Dutch duo stun Swiss to halve deficit

Surely a Davis Cup champion is not meant to struggle like this, not against seriously weakened opposition. The odds are still heavily on Switzerland pulling through this Davis Cup World Group play-off, but their Dutch opponents are making them fight every inch of the way.

Before this tie began, Jan Siemerink, the Netherlands captain, said he expected his team to lose but if they did he wanted them to go down fighting. They have not disappointed him.
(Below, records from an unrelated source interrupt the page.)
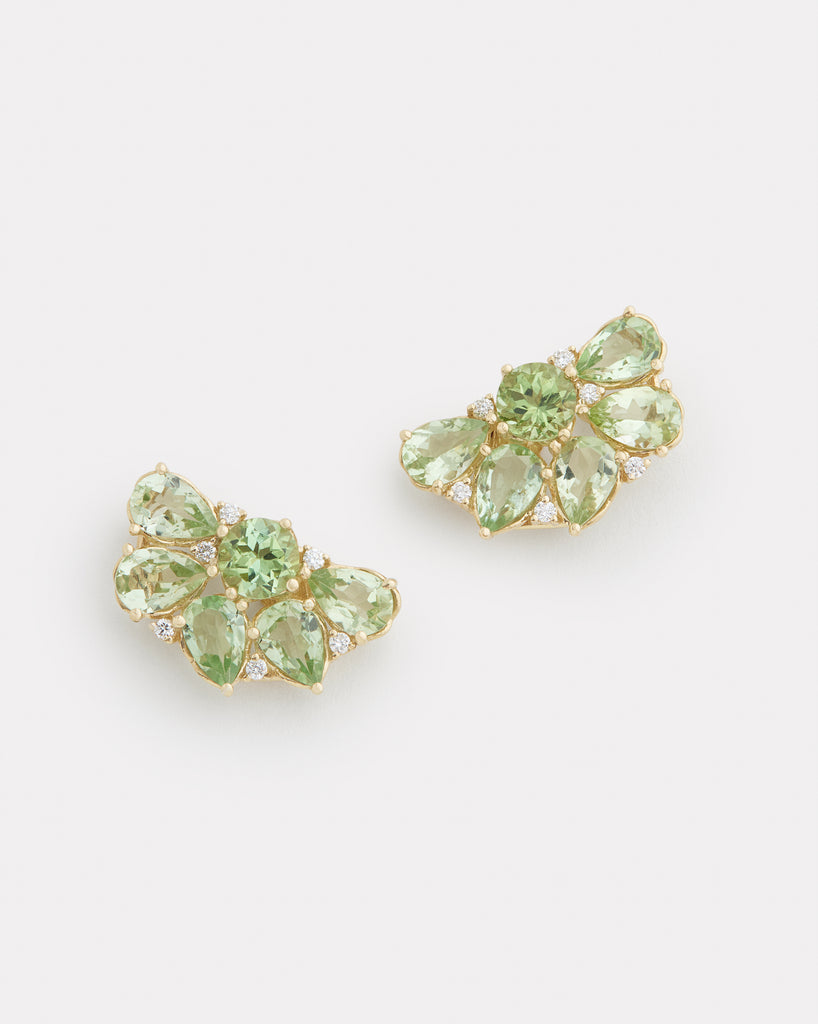 Floral Cluster Stud Earring with Green Tourmaline and Diamonds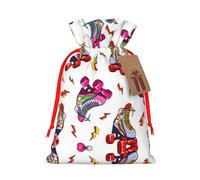 Sac à bonbons de Noël avec cordon de serrage coloré imprimé patins à roulettes réutilisables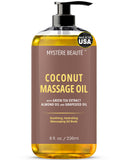 MYSTÉRE BEAUTÉ Coconut Massage Oil for Massage Therapy, Therapeutic Massage, Skin Hydrating & Revitalizing, Provides Soothing Relief, Aromatherapy Benefits, Excellent for All Skin Types - 8 fl oz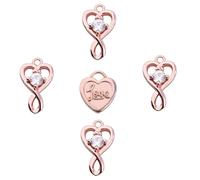 LQRI 4Pcs Cubic Zirconia Infinite Charms 1 Pc Heart Love Charm for DIY Necklace Bracelet Earring Jewelry Making, S, Copper, na-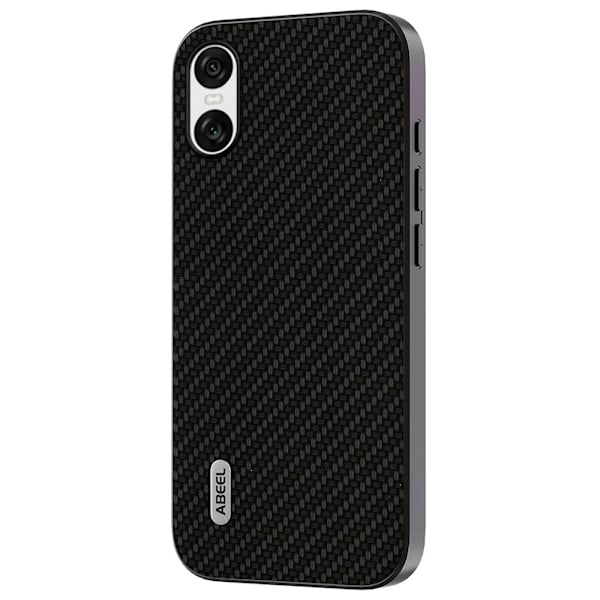Sony Xperia 10 VI SKALO ABEEL Carbon Fiber Suojakuori - Musta Black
Indeed it would be no stretch of the imagination to say that the Dutch could now be 2-1 up instead of 2-1 down.

Thiemo de Bakker had led Stanislas Wawrinka for much of the three hours and nine minutes of the opening rubber on Friday only to falter when in sight of the finish. He was not about to make the same mistake a second time in the doubles on Saturday.

At two sets to one down it was the reverse of his singles match, but this time, alongside Matwe Middelkoop, he showed a steady nerve as well as great resilience to beat Roger Federer and Marco Chiudinelli 7-6(7), 4-6, 4-6, 6-4, 6-1 and take this tie to the final day. Middelkoop and de Bakker saved 11 of 13 break points.

The fact that it was the first time the two Swiss players had played together in the Davis Cup was no excuse; de Bakker and Middelkoop had never played together at all. “The first time,” said Middelkoop. “And the last time,” joked de Bakker.

“We knew before that our type of game is really comfortable with each other,” said the 32-year-old Middelkoop, who was enjoying his finest moment on a tennis court. “We both have good serves, good returns and that made up really well for the match - I think the end result is great. To win against Roger, yeah that’s special.”

The Swiss team had all agreed that the 2008 Beijing Olympics gold-medal winning partnership of Federer and Wawrinka should be temporarily broken up in order to give the latter some much needed rest, but if Switzerland is to win this tie in four rubbers perhaps it might have been more advisable to rest Federer.

The great man has a slight leg strain which needed massage at the end of the third set, but should be fit to face de Bakker, against whom he has not dropped a set in three matches, in the first of Sunday’s reverse singles. Also, of course, de Bakker has now played 10 sets of tennis in 48 hours.

Questioned on why he also took a break at the end of the fourth set, Federer replied: “You have to go to the toilet because you just don’t sweat enough in doubles.”

Mind you, it was getting pretty sweaty for the Swiss in the fifth set - “a blistering fifth set”, as the Dutch captain called it - with his players racing to a 5-0 lead in winning seven consecutive games.

There had been little to separate the two sides for the first four sets, although Switzerland’s first serve percentage clearly let them down in the first set - 54 per cent as against the Netherlands’s 74 per cent. They picked up that percentage dramatically in the second set and by the end of the third seemed to be taking control, but the Dutch were not going to go away.

“I think we played very well for four sets,” said Federer. “They had a good tiebreaker and a good 10 minutes at the end of the fourth and the beginning of the fifth and they deserved victory in the end. Indoor doubles is brutal, it’s very close, plus the surface plays rather quickly, especially in the doubles.”

Federer is scheduled to meet de Bakker in Sunday's first reserve singles, with Wawrinka playing Huta Galung in the fifth rubber.